The runner-up in this year's Jennifer Ann Game Design Challenge by up-and-a-coming developer Thomas Lui, made in Flixel, void where prohibited, A Decision Of Prominent Importance strikes me as the most notable game out of a cast born in a priori assumptions that seems to preclude their potential.
The game feels tight, this is due to the choice of Flash framework to build off. It looks tight enough, the aesthetic of silhouttes and falling snow in a side-scrolling frame puts you somewhere between Castlevania and the Scandavian isolation of Clock Tower Mysteries. The cognitive dissonance derives from this aesthetic being delivered to you after first reading an academically cited quote about 20% of teen girls experiencing abuse in a relationship.
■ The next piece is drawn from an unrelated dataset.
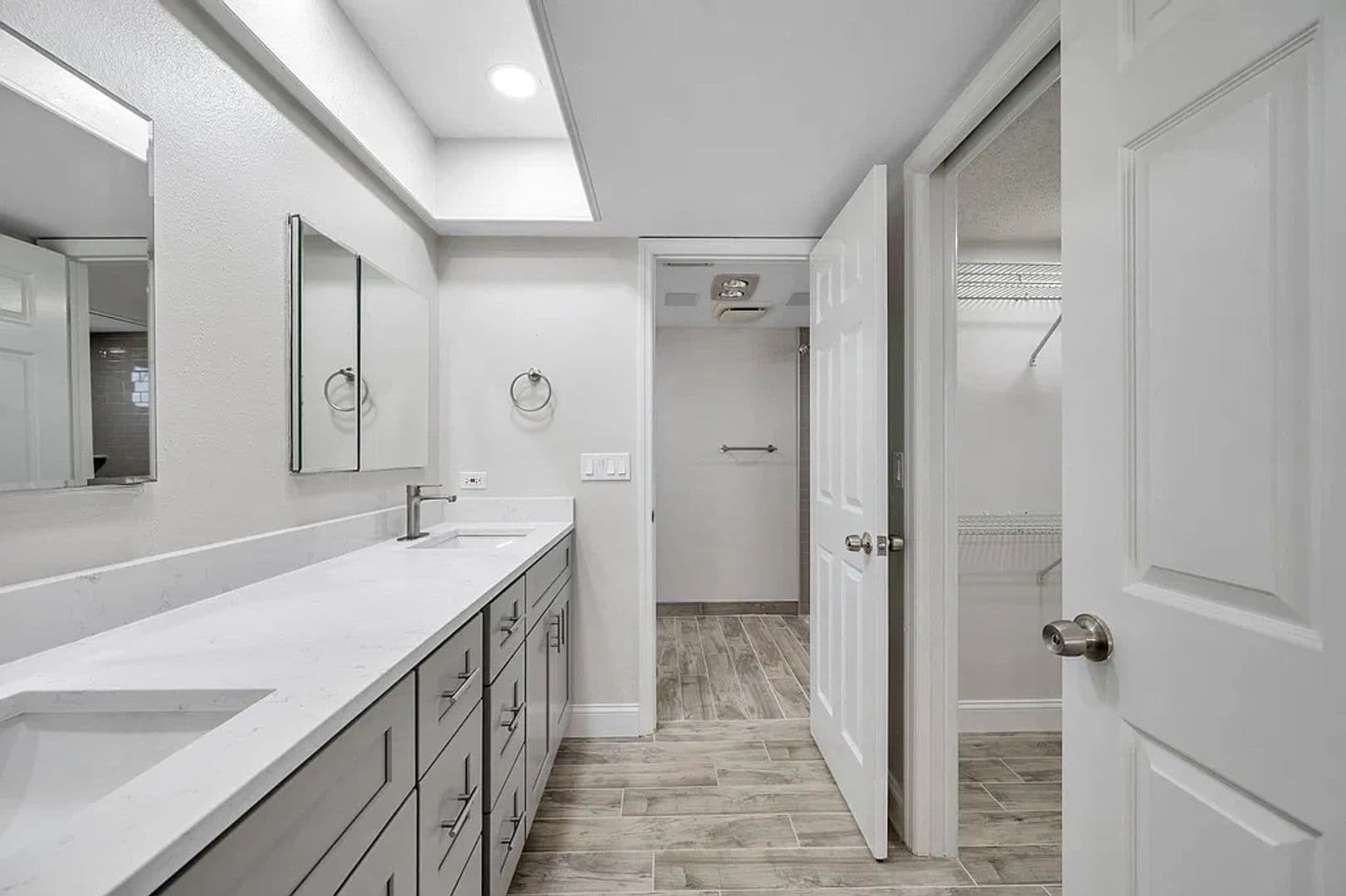 Clearwater House: 3078 Osprey Ln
We're immediately cast into suspense, yet pre-eminently aware that this relationship is evil, EEEVIILLLLL, and the only thing to do is gather information and make an eponymous decision whose importance, in this context, is perhaps overstated.
You click around to move the girl - who runs, not walks, to the nearest click, and you can click on objects to read text. Unlike the usual hypertext brochure that these kind of games, regardless of subject matter, tend to pitch, this game gives you clues to figure out if the girl is in a relationship with a good guy or a eeeeeeeeeeevil guy. The clues are kind of obvious, but the Adventure-like sleuthing feels interesting for a bit. The author claims that the game randomizes whether or not the guy is good or bad, in my experience refreshing numerous times, I've only gotten the bad guy, and man, that walking animation along with the music sure gives me a vibe like this girl is about to get murdered.
Full disclosure: I made a game called Jackie for this contest back in 2008, its inaugural year, but wasn't able to finish it in time for the deadline. It was based on a real friend of mine and she didn't talk to me for a year and a half forthwith. I'll have to get that reviewed here sometime, I have no hard feelings about my involvement with the contest, I'm glad it inspired me to make that game. That said, when you offer a cash prize and then list very specific, textbook proscriptions about dating violence, like a checklist, you're going to incentivize people to come up with clever ways of doing nothing more than offering a hypertext brochure. I wish Mr. Crecente would consider taking a broader approach next year so might see stuff with more systemic nuance, not to mention aesthetic.
So ladies, if your man has assault charges against him, uses lots of drugs and alcohol, wants to control you, or blames you for stuff, he's probably bad. Got it?